Page MenuHomePhabricator

Create cron tasks for archiving aggregates
Closed, ResolvedPublic3 Estimated Story Points

Description

There are 3 management commands created for T370980: Export aggregates to static files that archive aggregates. This is a further effort to keep the database on the small side and to improve performance in the UI. Once the two pending PRs of the mentioned ticket are merged, we should add the following management commands to the production cron tab:

  • 'archive_link_aggregates' command
  • 'archive_user_aggregates' command
  • 'archive_pageproject_aggregates' command

These commands should be run on the 10th of every month.

Details

Other Assignee
Scardenasmolinar

Event Timeline

Kgraessle triaged this task as Medium priority.Jun 17 2025, 4:39 PM
Kgraessle moved this task from To be estimated to Kanban on the Moderator-Tools-Team board.
Kgraessle set the point value for this task to 3.

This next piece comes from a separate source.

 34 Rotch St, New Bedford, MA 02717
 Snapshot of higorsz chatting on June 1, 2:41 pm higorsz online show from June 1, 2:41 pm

We also need to run the new fill commands as well so the program totals continue to render properly. How far back do we want to go for archiving aggregates? Would aggregates older than a year work?

Amdrel changed the task status from Open to In Progress.Jun 24 2025, 11:13 PM
Amdrel claimed this task.
Kgraessle changed the task status from In Progress to Open.Jun 25 2025, 2:23 PM
Kgraessle subscribed.

@Amdrel I'm looking through the order of operations for reviewing your PRs and just wanted to make sure I was reviewing them in the order you intended:

Is this the correct order?

  1. https://github.com/WikipediaLibrary/externallinks/pull/429
  2. https://github.com/WikipediaLibrary/externallinks/pull/431
  3. https://github.com/WikipediaLibrary/externallinks/pull/440
  4. https://github.com/WikipediaLibrary/externallinks/pull/439

@Amdrel https://phabricator.wikimedia.org/p/Amdrel/ I'm looking through
the order of operations for reviewing your PRs and just wanted to make sure
I was reviewing them in the order you intended:

Is this the correct order?

  1. https://github.com/WikipediaLibrary/externallinks/pull/429
  2. https://github.com/WikipediaLibrary/externallinks/pull/431
  3. https://github.com/WikipediaLibrary/externallinks/pull/440
  4. https://github.com/WikipediaLibrary/externallinks/pull/439

Yes, that is correct!

@Amdrel Ok perfect!

I went ahead and merged #429 yesterday.
It looks like #431 will depend on having the aggregates populated in object storage, but we don't actually start doing that until #440 is merged in.
My suggestion is to pull out the cron tab for the aggregates from #440 and create a separate PR for adding the cron commands for filling the top aggregates later.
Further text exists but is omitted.